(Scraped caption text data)
+++

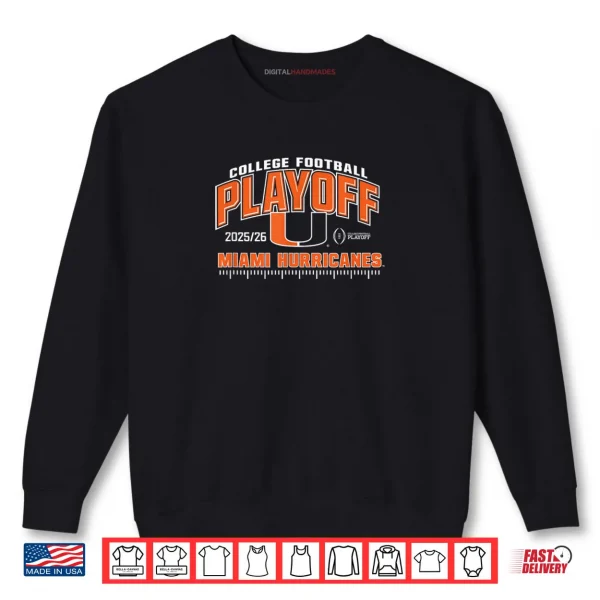 Sweatshirt Miami Hurricanes College Football Playoff CFP 2025 26 Green Shirt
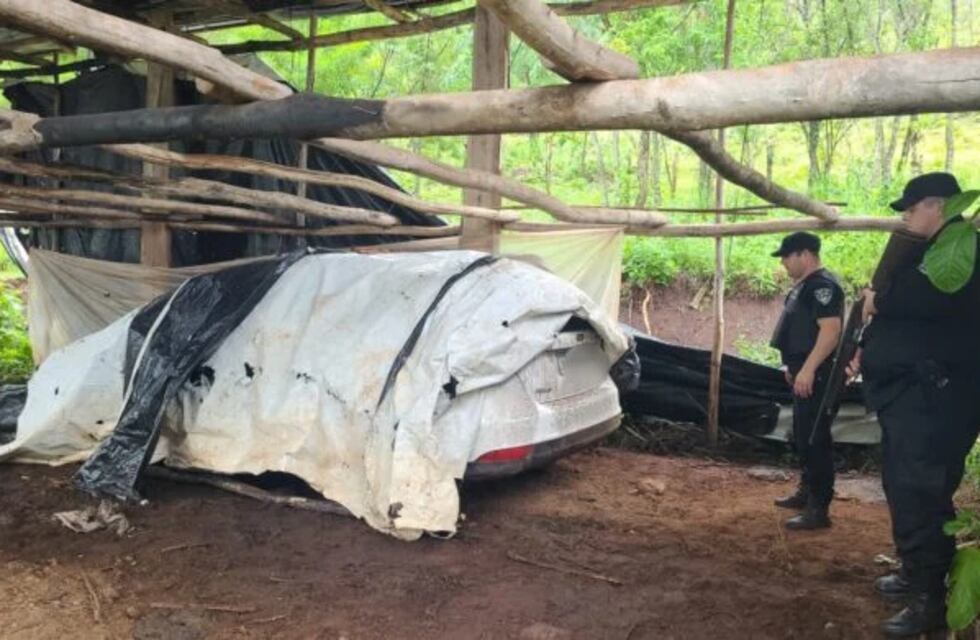Secuestran en Mojón Grande un vehículo robado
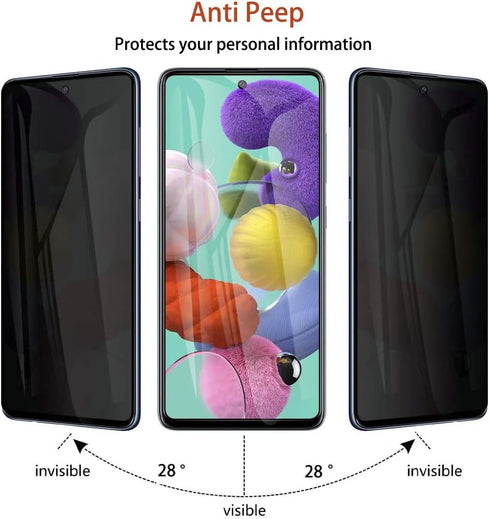 [2 Pack for Samsung Galaxy A14 5G Privacy Screen Protector Tempered Glass, Anti Spy Black Protect Film Shield for Galaxy A14 6.8 inch, Anti Scratc...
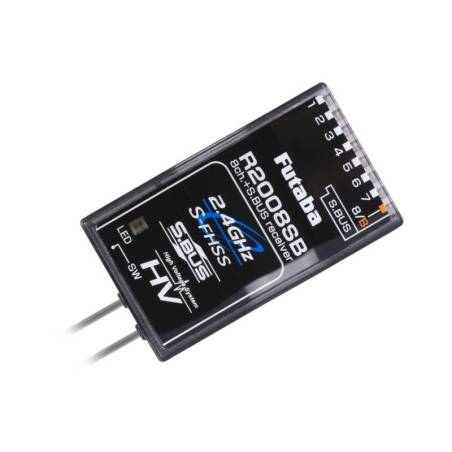 Receptor Futaba R2008SB S-FHSS FHSS 8 canales. Referencia 1000675.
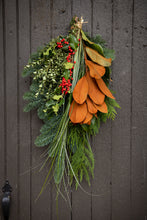 Load image into Gallery viewer, Traditional Christmas Swag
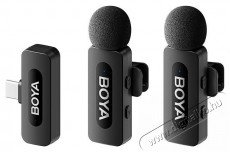Boya BY-V20 V2.0 Android USB-C okostelefon &eacute;s tablet mikrofon Fot&oacute;-Vide&oacute; kieg&eacute;sz&iacute;tők - Mikrofon - Cs&iacute;ptetős, fej &eacute;s kitűző mikrofon - 524440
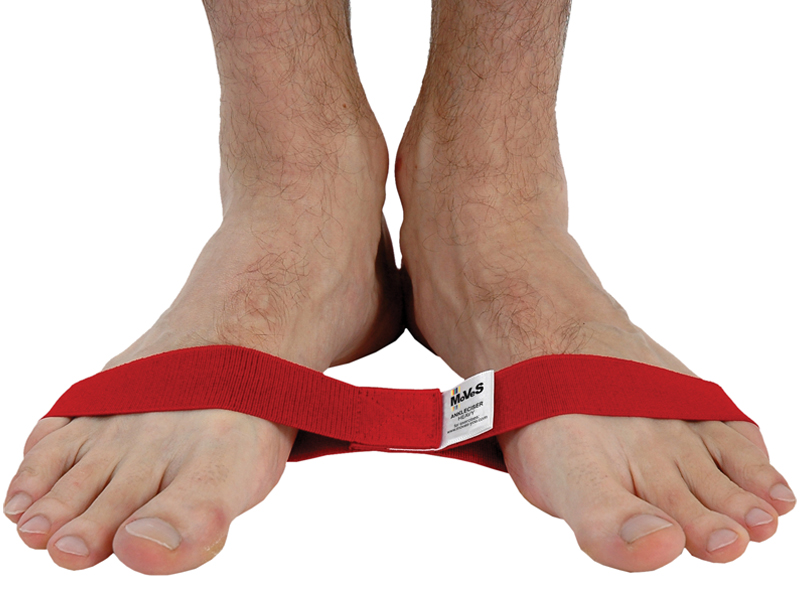 Banda elastica pentru glezna MOVES ANKLECISER, set 5buc  galbena, rezistenta mica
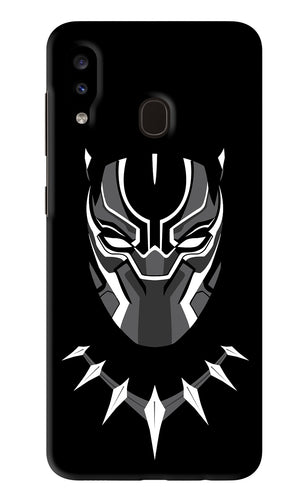 Black Panther Samsung Galaxy A20 Back Skin Wrap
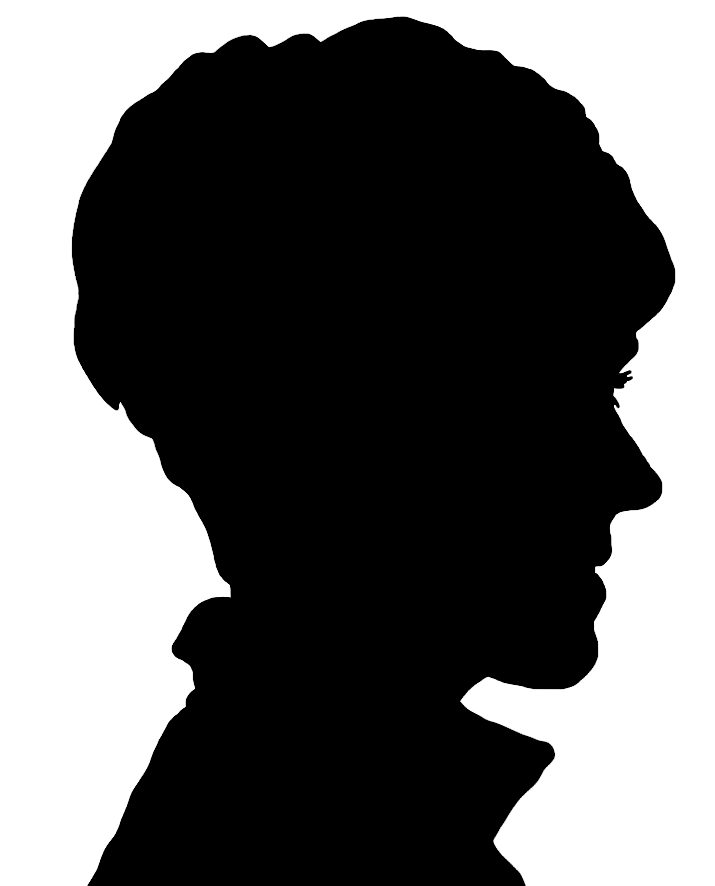face silhouette of young woman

+++

__Work task__.
In the data above, find the line with "Secuestran en Mojón Grande un vehículo robado" and repeat it and every line after it through the end, exactly; leave the pictures out.

__Your solution__.
Secuestran en Mojón Grande un vehículo robado
 [2 Pack for Samsung Galaxy A14 5G Privacy Screen Protector Tempered Glass, Anti Spy Black Protect Film Shield for Galaxy A14 6.8 inch, Anti Scratc...
 Receptor Futaba R2008SB S-FHSS FHSS 8 canales. Referencia 1000675.
 Load image into Gallery viewer, Traditional Christmas Swag
Boya BY-V20 V2.0 Android USB-C okostelefon &eacute;s tablet mikrofon Fot&oacute;-Vide&oacute; kieg&eacute;sz&iacute;tők - Mikrofon - Cs&iacute;ptetős, fej &eacute;s kitűző mikrofon - 524440
 Banda elastica pentru glezna MOVES ANKLECISER, set 5buc  galbena, rezistenta mica
 Black Panther Samsung Galaxy A20 Back Skin Wrap
face silhouette of young woman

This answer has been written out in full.